Fokus utama bantuan kali ini ada pada siswa kelas 6 SD, kelas 9 SMP, serta kelas 12 SMA atau SMK. Mereka menjadi prioritas karena menjelang kelulusan biasanya muncul kebutuhan tambahan seperti administrasi, perlengkapan sekolah, dan biaya penunjang lain yang berkaitan langsung dengan masa akhir belajar.
Pencairan bertahap sudah mulai terlihat
Penyaluran PIP berlangsung pada 22 hingga 26 April 2026 dan sudah mulai tercatat bisa diambil oleh sebagian penerima manfaat di beberapa daerah. Dalam laporan lapangan, dana bantuan disebut telah ditarik oleh wali murid maupun siswa dari rekening bantuan yang disediakan.
Pada 26 April 2026, penarikan dana sebesar Rp200.000 tercatat di Lembang, Bandung. Selain itu, penyaluran juga disebut dapat diakses melalui Bank BSI, sehingga penerima di wilayah tertentu bisa memantau masuknya dana melalui rekening masing-masing.

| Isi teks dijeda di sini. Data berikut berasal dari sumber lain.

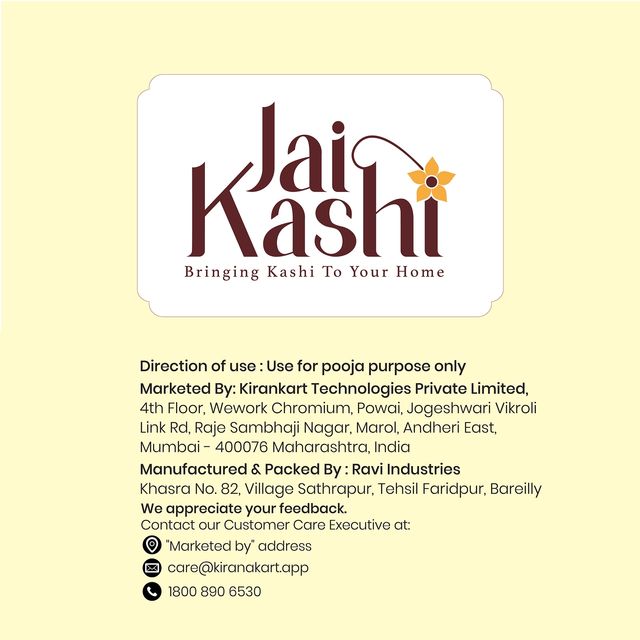 Jai Kashi Pooja Cloth - Yellow | 1.25 m x 0.8 m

Ada juga laporan bahwa siswa SMK telah menerima saldo Rp900.000 sejak 22 April 2026. Sementara itu, penarikan bantuan senilai Rp220.000 juga terpantau pada 24 April 2026 dan digunakan untuk membantu kebutuhan administrasi serta perlengkapan sekolah anak.
Nominal bantuan mengikuti jenjang pendidikan
Besaran PIP tidak sama untuk semua penerima karena nominalnya menyesuaikan jenjang pendidikan. Siswa SD menerima sekitar Rp225.000, siswa SMP sekitar Rp220.000, sedangkan pelajar SMA atau SMK dapat memperoleh bantuan hingga Rp900.000.
Perbedaan nominal itu berkaitan dengan kebutuhan operasional pendidikan di tiap jenjang. Pada siswa kelas akhir, bantuan yang lebih besar di jenjang menengah atas memberi ruang lebih luas untuk menutup kebutuhan yang biasanya muncul di masa menjelang kelulusan.
Cara mengecek saldo dan status rekening
Penerima manfaat dapat memeriksa saldo melalui mesin ATM atau layanan mobile banking. Pemeriksaan dilakukan menggunakan rekening Kartu Indonesia Pintar (KIP) yang menjadi salah satu sarana akses dana bantuan.
Orang tua dan siswa juga disarankan mencetak buku tabungan Simpanan Pelajar atau SimPel di bank penyalur. Langkah ini penting agar rekening tetap aktif sekaligus memudahkan pengecekan status pencairan dana yang masuk.
Daftar nominal PIP untuk siswa kelas akhir
- Kelas 6 SD atau sederajat: Rp225.000
- Kelas 9 SMP atau sederajat: Rp220.000
- Kelas 12 SMA atau SMK atau sederajat: hingga Rp900.000
Pemerintah mengimbau penerima manfaat untuk segera menarik dana yang sudah masuk ke rekening. Dengan begitu, bantuan bisa digunakan sesuai tujuan, terutama untuk kebutuhan belajar dan biaya penunjang kelulusan, tanpa menimbulkan kendala administratif di kemudian hari.